Brief
With pictures excluded, copy word for word the lines in the data below from the line containing "A composite bronze" through the line containing "a kitchen with refrigerator and cabinets".
═══ Given records
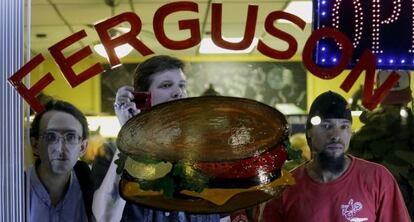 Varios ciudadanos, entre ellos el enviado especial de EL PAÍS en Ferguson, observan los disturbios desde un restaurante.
══════
═══ Given records
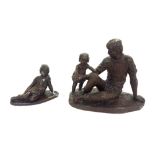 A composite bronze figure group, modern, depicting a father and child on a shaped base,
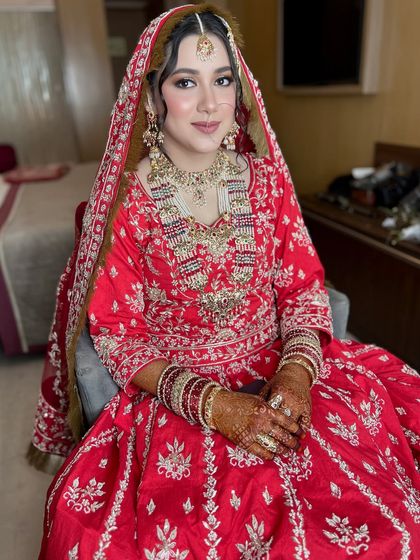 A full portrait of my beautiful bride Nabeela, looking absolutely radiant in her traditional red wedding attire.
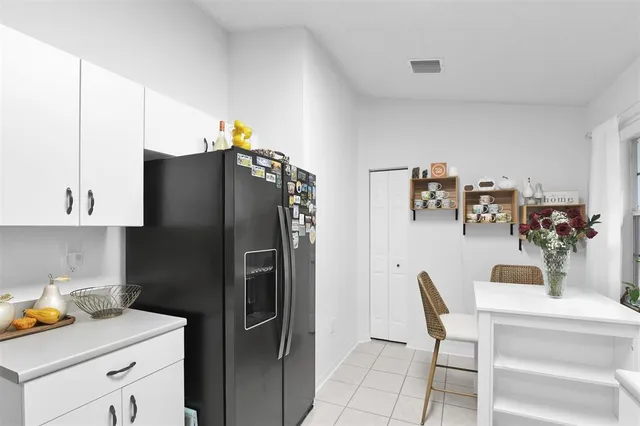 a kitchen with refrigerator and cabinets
══════
Answer space
 A composite bronze figure group, modern, depicting a father and child on a shaped base,
 A full portrait of my beautiful bride Nabeela, looking absolutely radiant in her traditional red wedding attire.
 a kitchen with refrigerator and cabinets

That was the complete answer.